→ TRY IT:
What should be copied is the stretch of entries below from the line with "Magnetic Black Diffusion" up to and including the line with "Tarot learning deck", exactly and without images.

╭─ DATA RECORDS

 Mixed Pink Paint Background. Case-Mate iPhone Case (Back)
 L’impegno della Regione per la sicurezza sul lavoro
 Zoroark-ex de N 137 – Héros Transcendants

╰─
╭─ DATA RECORDS

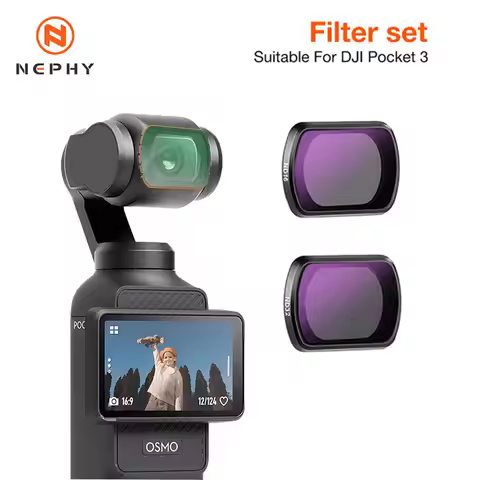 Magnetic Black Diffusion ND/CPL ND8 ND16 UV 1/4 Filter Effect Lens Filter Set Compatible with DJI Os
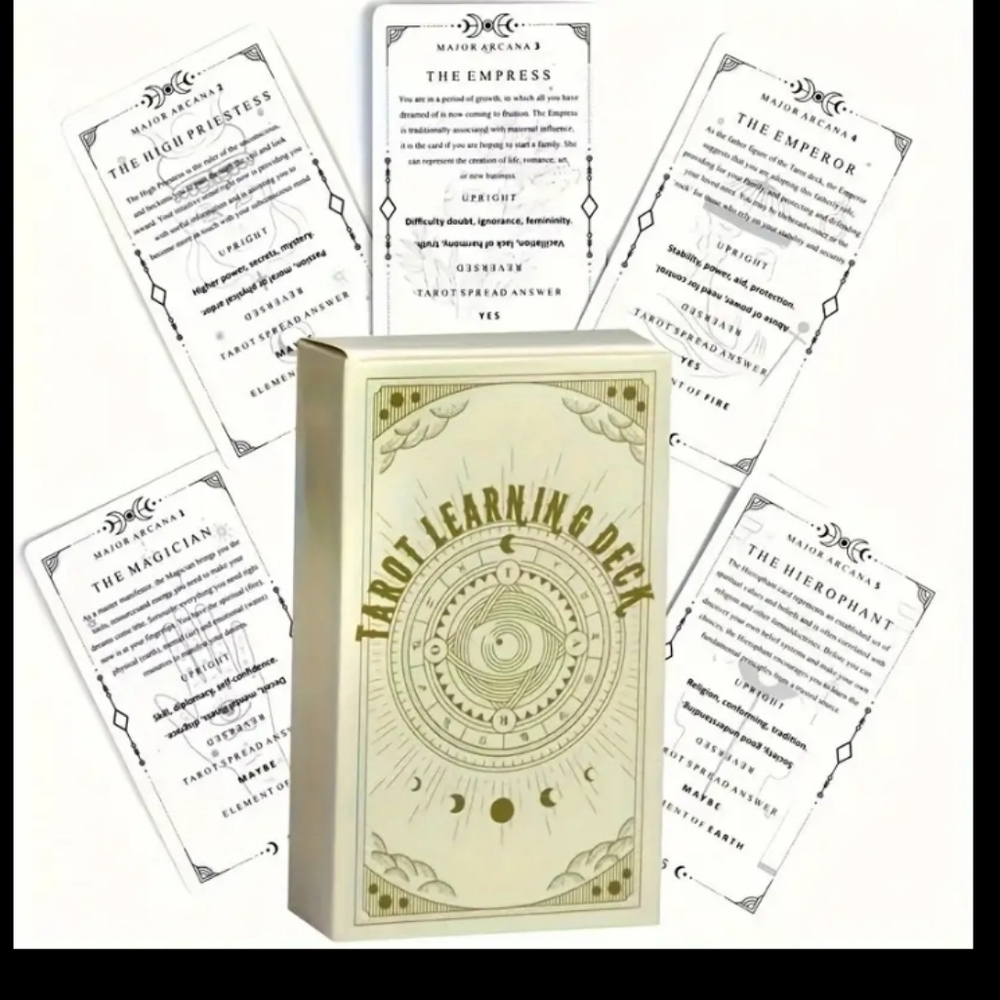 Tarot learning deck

╰─

→ RESPONSE:
 Magnetic Black Diffusion ND/CPL ND8 ND16 UV 1/4 Filter Effect Lens Filter Set Compatible with DJI Os
 Tarot learning deck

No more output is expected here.